Try to get the following:

  • IP address
  • Domain info
  • Technology used in n the website (programming language, db, …)
  • Other website on the same server
  • DNS records
  • Unlisted files, subdomain, etc

IP address

So we can start to use whois lookup (https://who.is/, https://whois.domaintools.com/), to find information about the domains and the owner

Technologies

To know about technologies used on the website we can check with netcraft website (https://www.netcraft.com/tools/)

DNS record

To get DNS information user the website https://www.robtex.com/

Other website on the same server

In some cases a website is hosted inside a server in which are hosted many other website. So if you can access to your target website, you can try to access to some other website on that server. Basically the all the website on the same server have the same IP address.
robtext.com can show them. Or also Bing can show them, just look for the IP address of the target website and the search result will show all the other websites hosted on the server.

Subdomain

To know subdomains could help to find extra info about the target website.
To know the different subdomain we can use a Linux app called knock (you need python installed).

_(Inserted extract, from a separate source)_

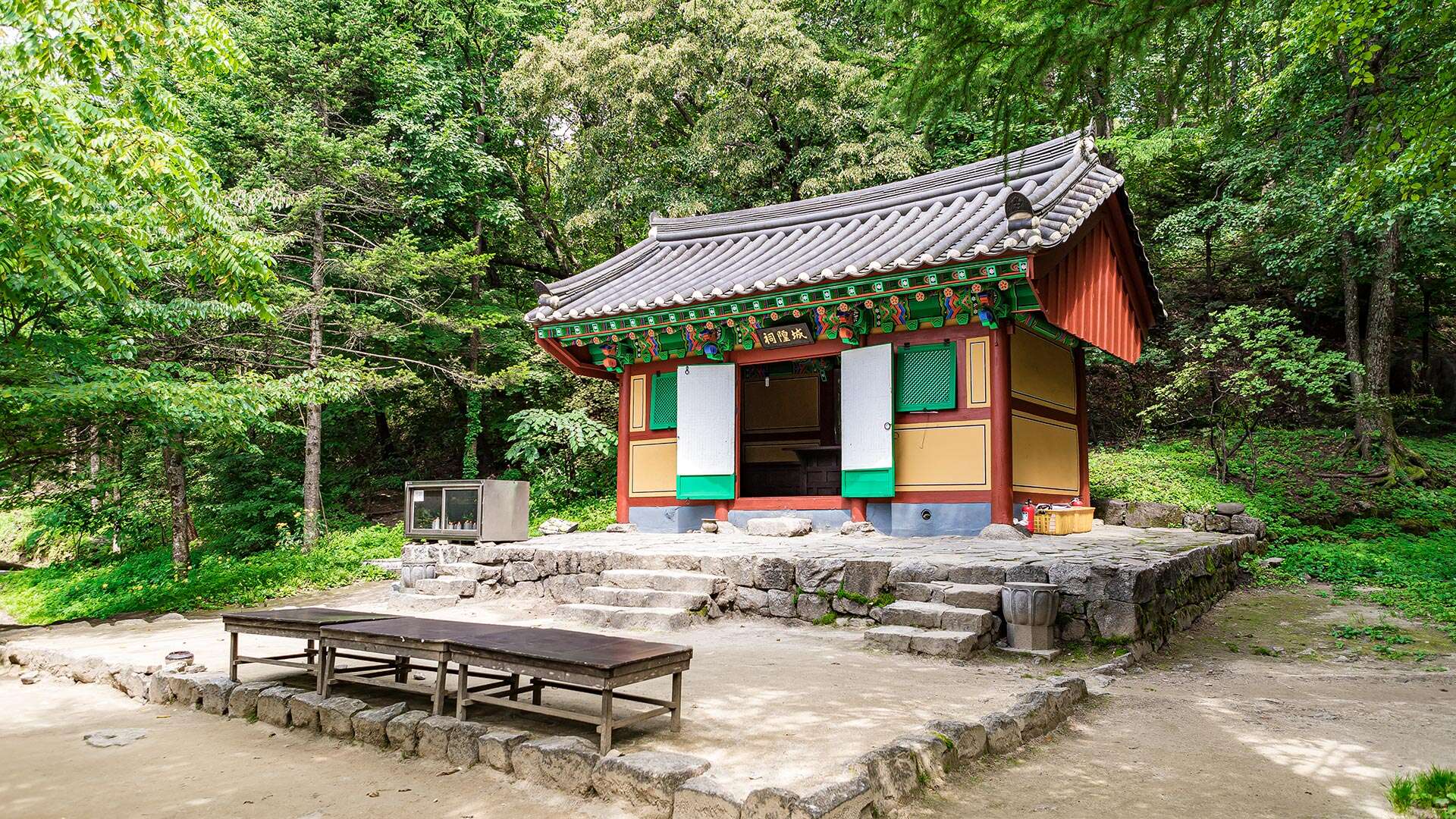 大關嶺山神閣 (Daegwallyeong Sansingak)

git clone https://github.com/guelfoweb/knock.git
cd knock
pip3 install -r requirements.txt

python3 knockpy.py <targetwebsite>

And the result will be the list of all subdomains

Unlisted files and folder

To find folder and files could be very helpful because they can contain user, password or other important and sensitive info.
To discover files and folder exposed on the website we can use a tool named “dirb”. It’s a Linux app which uses the brute force to discover them. It has a list of names that will be used to find hidden folder and files.
This list from dirb contains many default file name like robot.txt and config.ini which can contains files that the target website owner doesn’t want to index to search emgine or the db configuration.